Ceph requires that several computers be connected to each other in what is called a cluster (literally group or heap , that is, a set of several computers). Each connected computer is called a node .
In a cluster there are different types of nodes, depending on the tasks they perform:
- Monitor nodes : They manage the status of each node in the cluster and especially monitor the manager service , object storage service and metadata server (MDS) components . In order to ensure certain security, it is recommended to have at least three monitor nodes .
- Manager : They manage the status of space utilization, system load and the level of utilization of the nodes.
- Ceph OSDs ( Object Storage Devices ) : These are the back-end services that are actually in charge of managing the files: they are responsible for storing, duplicating and restoring the data. It is recommended to have at least three OSDs in the cluster .

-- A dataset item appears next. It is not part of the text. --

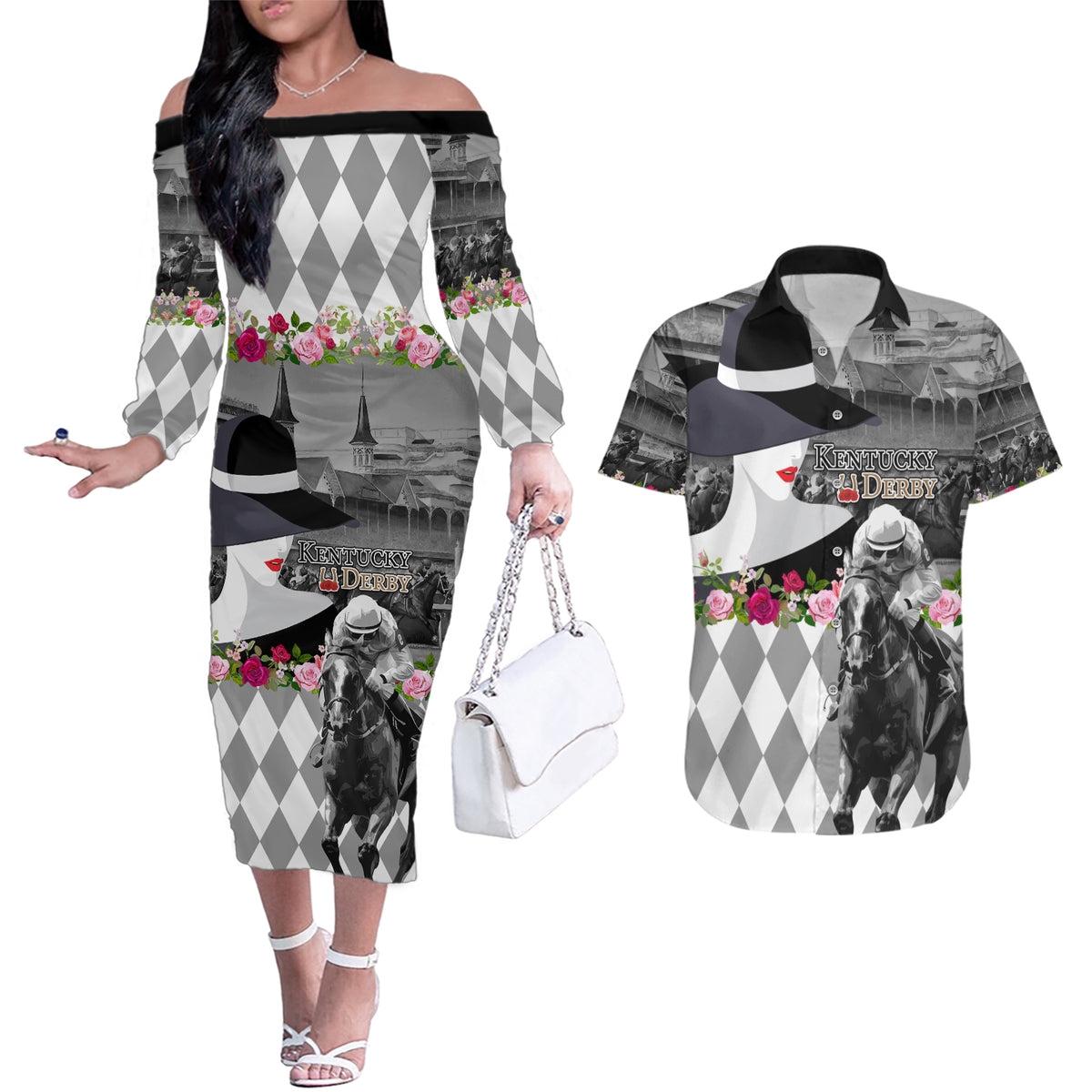 Kentucky Racing Horses Derby Hat Lady Couples Matching Off The Shoulder Long Sleeve Dress and Hawaiian Shirt Churchill Downs and Roses Grayscale - Wonder Print Shop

- Metadata server (MDSs) : They are responsible for storing metadata such as storage paths, timestamps and names of the files saved in CephFS, for performance reasons. They are created following the POSIX standard and can be requested via Unix command lines, such as ls , find, and like .
The key component of data storage is an algorithm called CRUSH ( Controlled Replication Under Scalable Hashing , that is, replication controlled under scalable hashing ). This algorithm is able to find an OSD with the requested file thanks to an assignment table..
The distribution of the files in Ceph is done in a pseudo-random way, that is, in such a way that it could appear that they are located in any way. In reality, however, CRUSH calculates the most suitable place to store them based on criteria defined by the network administrator. Doing so also duplicates files and stores them on separate physical media.
The files are distributed in so-called placement groups , processing the file name as a hash value . Another characteristic on which the location is based is, for example, the number of duplicates in the file.